For more information, see form CO-1029.8.36.II, Crédit d'impôt pour investissement et innovation, and the page Crédit d'impôt pour investissement et innovation (in French only).
If, in a fiscal period, a qualified partnership paid employer contributions in respect of its employees aged 60 or over on January 1 of a calendar year ending in that period, any qualified corporation that is a member of the partnership can claim the tax credit to foster the retention of experienced workers in respect of those contributions for its taxation year in which the partnership's fiscal period ends. Each qualified corporation can claim the tax credit based on its share of the employer contributions that the partnership paid for the calendar year.
A partnership is a qualified partnership for a fiscal period if it meets the following conditions:
- It carries on a business in Québec and has an establishment there.
- Its paid-up capital for the previous fiscal period is less than $15 million (if the partnership is a member of an associated group, its paid-up capital includes the paid-up capital of each member of the group).
- The number of remunerated hours of all its employees exceeds 5,000 for the fiscal period (except if the partnership would have been a primary or manufacturing sector corporation if it had been a corporation).
However, to ensure more qualified corporations that are members of a partnership can take advantage of this tax credit, the criteria regarding paid-up capital and remunerated hours no longer factor into the definition of “qualified partnership.”
This measure applies for a qualified partnership's fiscal period ending after December 30, 2022, in respect of employer contributions the partnership paid for a calendar year after 2021.
For more information, see form CO-1029.8.33.TE, Crédit d'impôt favorisant le maintien en emploi des travailleurs d'expérience, and the page Crédit d'impôt favorisant le maintien en emploi des travailleurs d'expérience (in French only).
If, in a fiscal period, a qualified partnership paid employer contributions in respect of eligible employees for a calendar year ending after the fiscal period, a qualified corporation that is a member of the partnership can claim the tax credit for small and medium-sized businesses that employ persons with a severely limited capacity for employment regarding its contributions for the taxation year in which the partnership's fiscal period ends. The corporation must take into account its percentage interest in the partnership.
A partnership is a qualified partnership for a fiscal period if it meets the following conditions:
- It carries on a business in Québec and has an establishment there.
- Its paid-up capital for the previous fiscal period is less than $15 million (if the partnership is a member of an associated group, its paid-up capital includes the paid-up capital of each member of the group).
- The number of remunerated hours of all its employees exceeds 5,000 for the fiscal period (except if the partnership would have been a primary or manufacturing sector corporation if it had been a corporation).
However, to ensure more qualified corporations that are members of a partnership can take advantage of this tax credit, the criteria regarding paid-up capital and remunerated hours no longer factor into the definition of “qualified partnership.”
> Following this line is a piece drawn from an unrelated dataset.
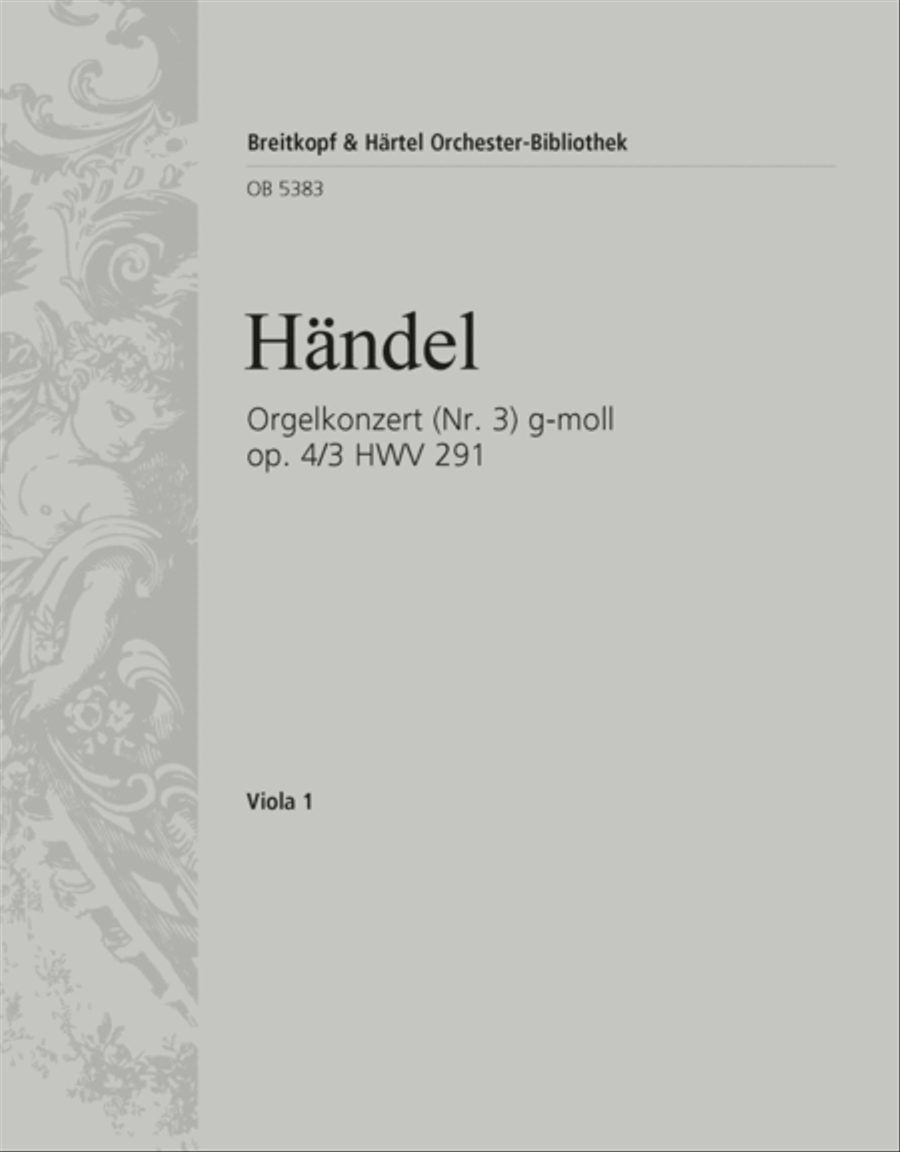 Organ Concerto (No. 3) in G minor Op. 4/3 HWV 291 Orchestra scores gallery preview page 1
Given the changes, the tax credit has been renamed the “tax credit for the retention of persons with a severely limited capacity for employment” as of the 2022 calendar year.
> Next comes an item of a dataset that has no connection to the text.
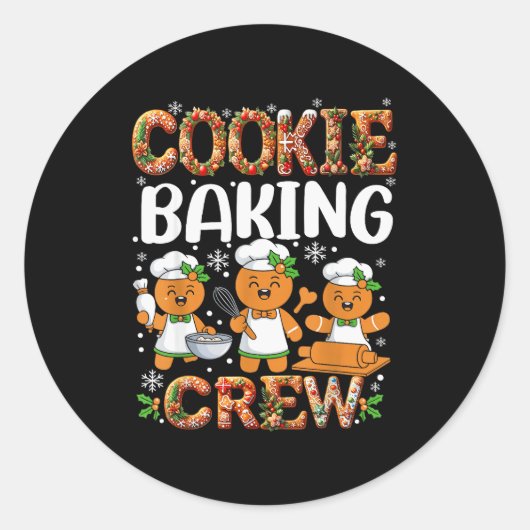 Funny Gingerbread Lovers Cookie Baking Crew Christ Ronde Sticker (Voorkant)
This measure applies for a qualified partnership's fiscal period ending after December 30, 2022, in respect of employer contributions the partnership paid for a calendar year after 2021.
For more information, see form CO-1029.8.33.CS, Crédit d'impôt pour le maintien en emploi des personnes ayant des contraintes sévères à l'emploi, and the page Crédit d'impôt pour le maintien en emploi des personnes ayant des contraintes sévères à l'emploi (in French only).